_Dataset content_
________________________________________
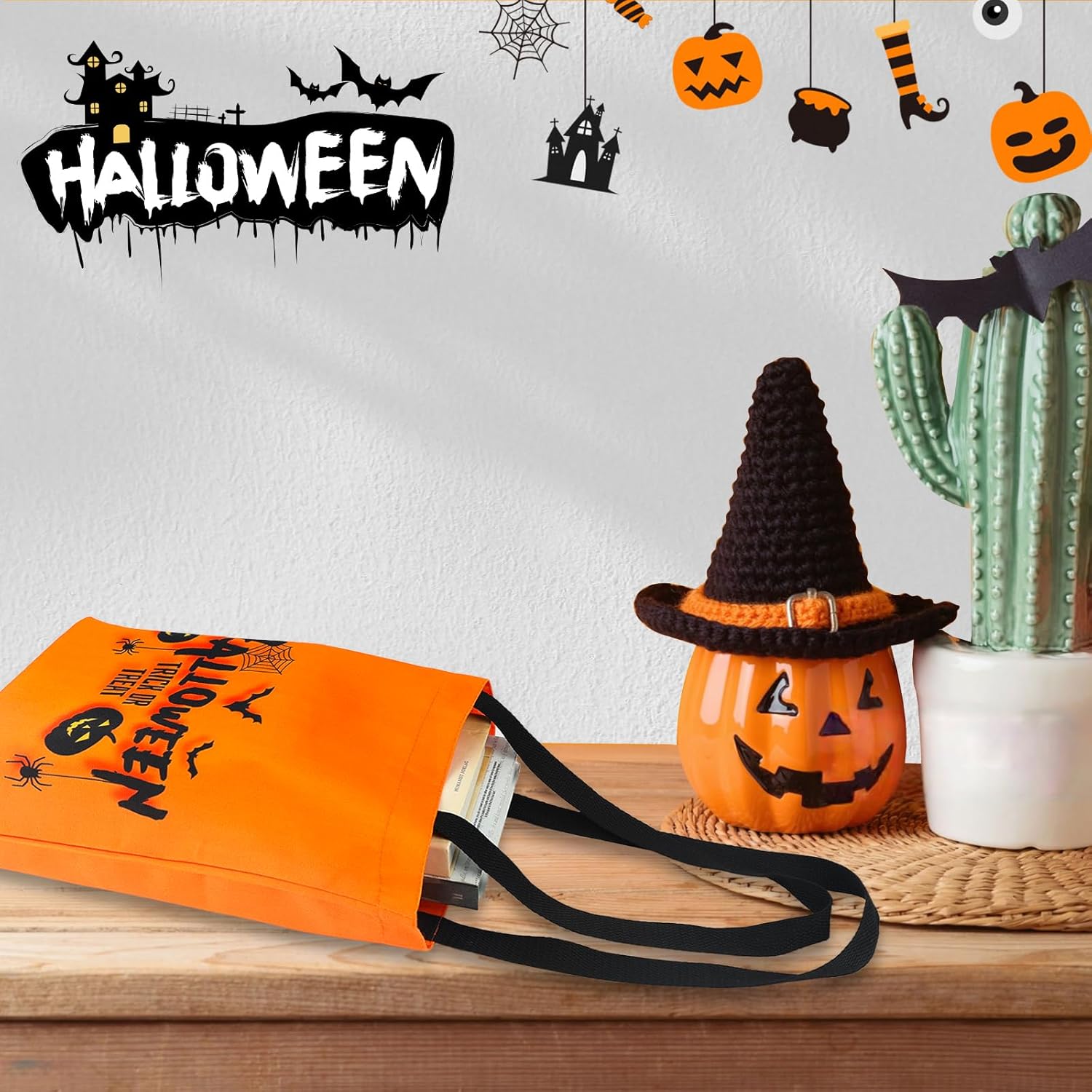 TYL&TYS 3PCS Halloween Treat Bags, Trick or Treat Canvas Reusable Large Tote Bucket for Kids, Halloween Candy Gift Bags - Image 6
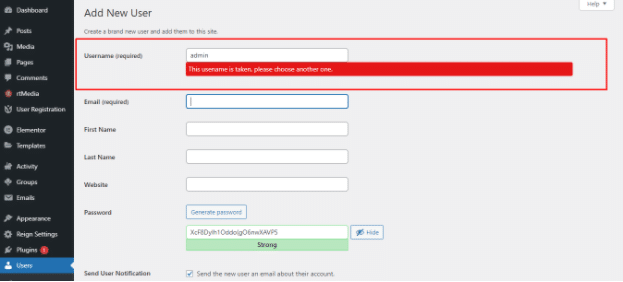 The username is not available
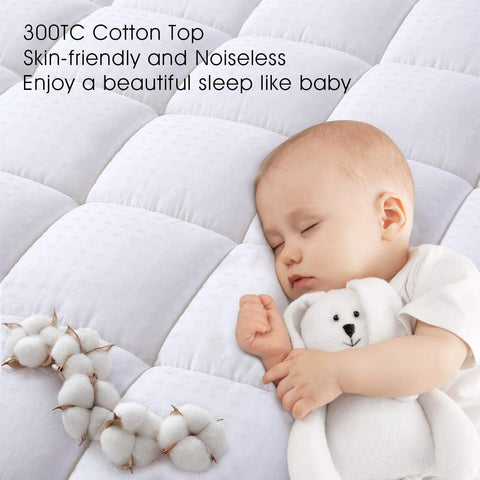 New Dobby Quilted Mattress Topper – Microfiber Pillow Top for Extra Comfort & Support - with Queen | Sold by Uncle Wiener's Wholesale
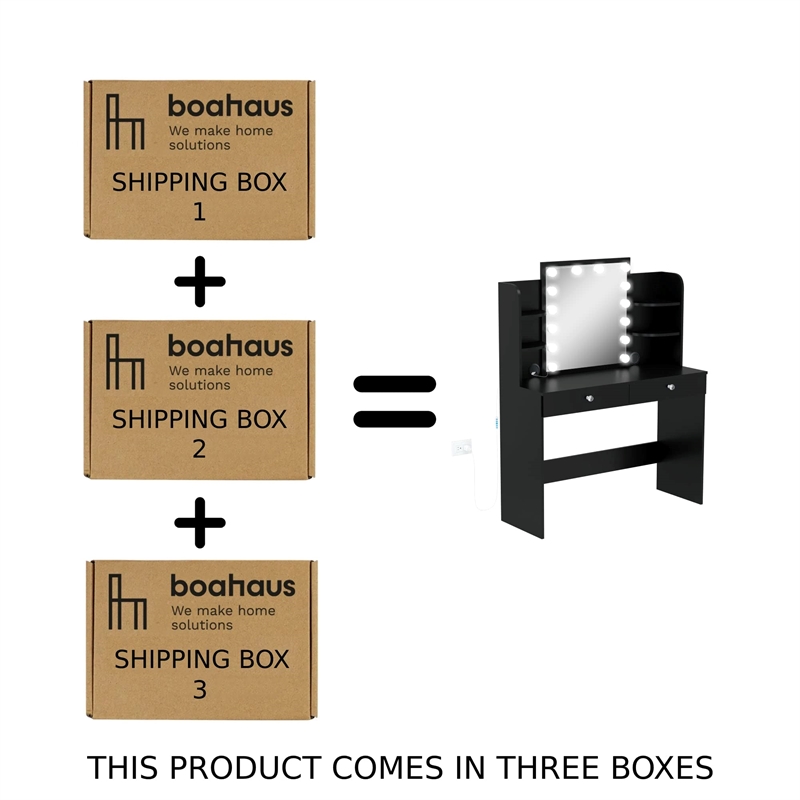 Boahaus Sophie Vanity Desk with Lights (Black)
________________________________________
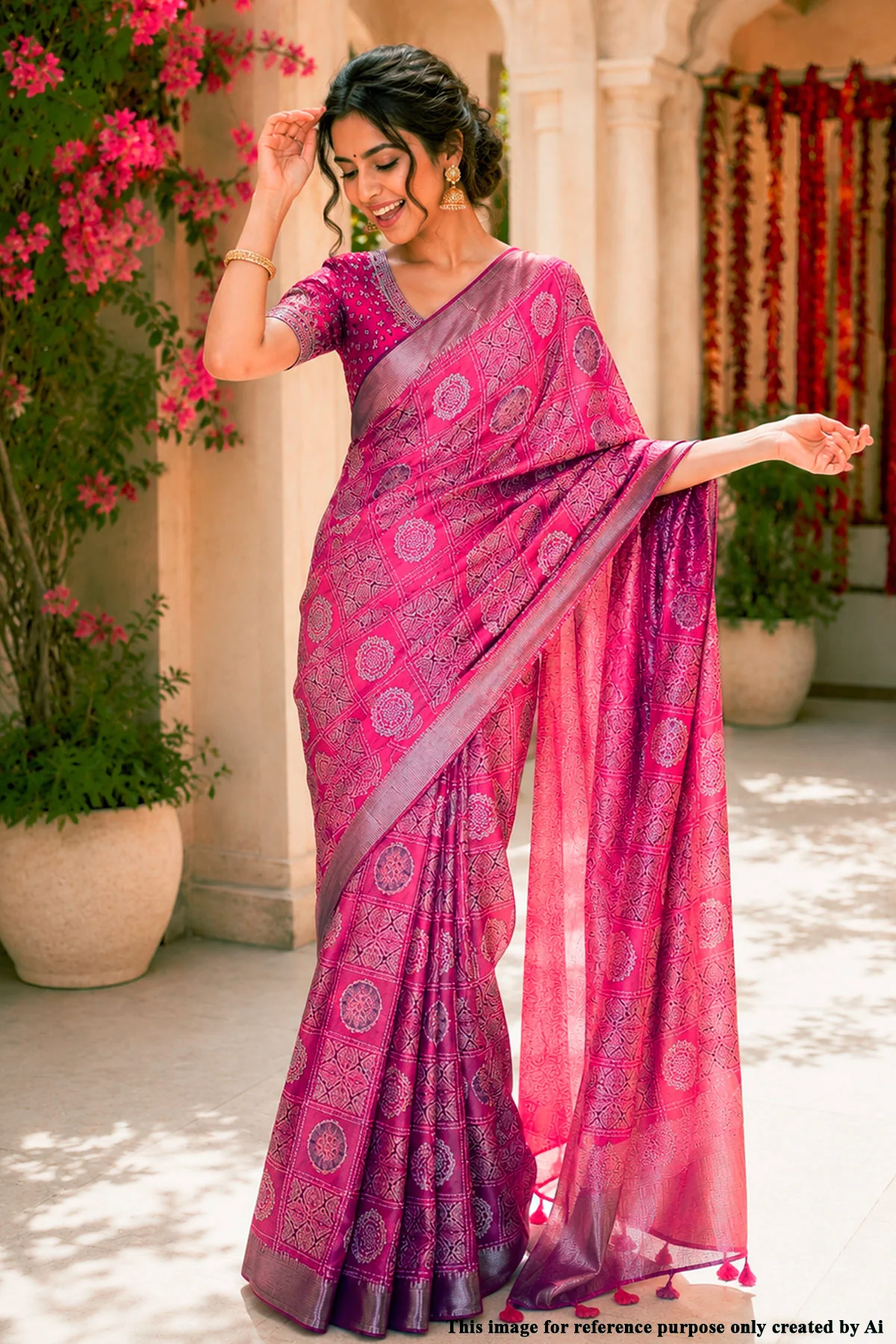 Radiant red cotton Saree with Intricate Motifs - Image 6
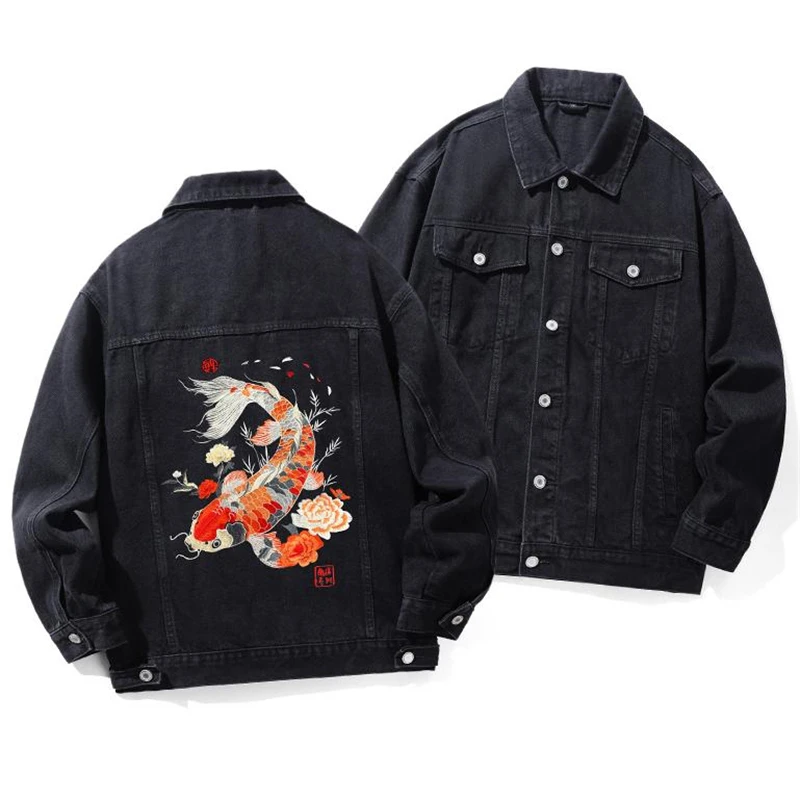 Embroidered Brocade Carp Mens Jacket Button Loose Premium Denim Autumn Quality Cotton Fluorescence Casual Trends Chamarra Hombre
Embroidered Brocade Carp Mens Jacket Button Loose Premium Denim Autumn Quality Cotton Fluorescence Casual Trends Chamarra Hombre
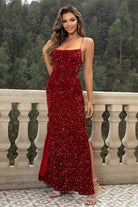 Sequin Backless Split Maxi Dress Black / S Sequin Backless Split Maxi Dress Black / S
________________________________________
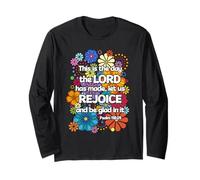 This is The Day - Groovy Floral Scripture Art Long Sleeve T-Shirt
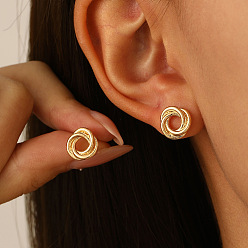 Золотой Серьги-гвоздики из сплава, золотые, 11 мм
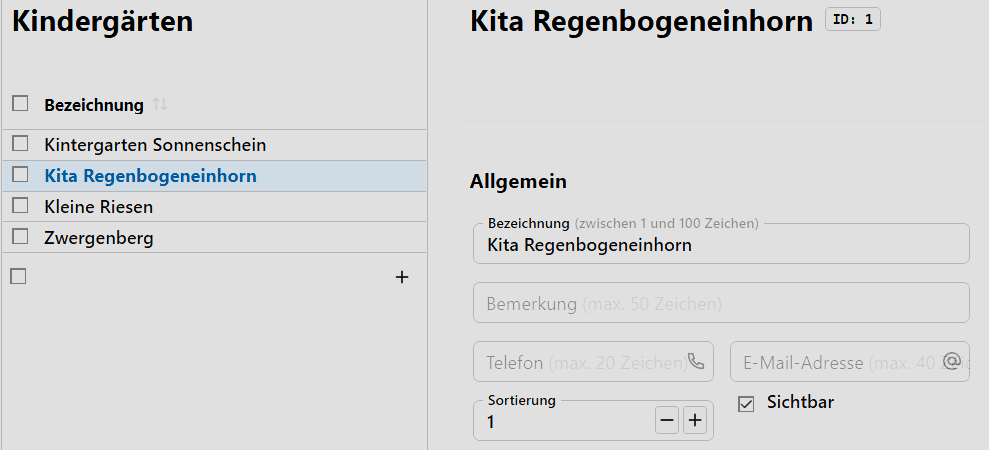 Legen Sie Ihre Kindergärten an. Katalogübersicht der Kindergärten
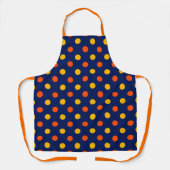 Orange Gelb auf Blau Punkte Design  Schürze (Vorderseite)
________________________________________
_What you are asked to do_
Would you output the lines above from the line holding "TYL&TYS 3PCS Halloween" up to and including the line holding "Boahaus Sophie Vanity", exactly and only those, with no pictures?

_Problem solution_
 TYL&TYS 3PCS Halloween Treat Bags, Trick or Treat Canvas Reusable Large Tote Bucket for Kids, Halloween Candy Gift Bags - Image 6
 The username is not available
 New Dobby Quilted Mattress Topper – Microfiber Pillow Top for Extra Comfort & Support - with Queen | Sold by Uncle Wiener's Wholesale
 Boahaus Sophie Vanity Desk with Lights (Black)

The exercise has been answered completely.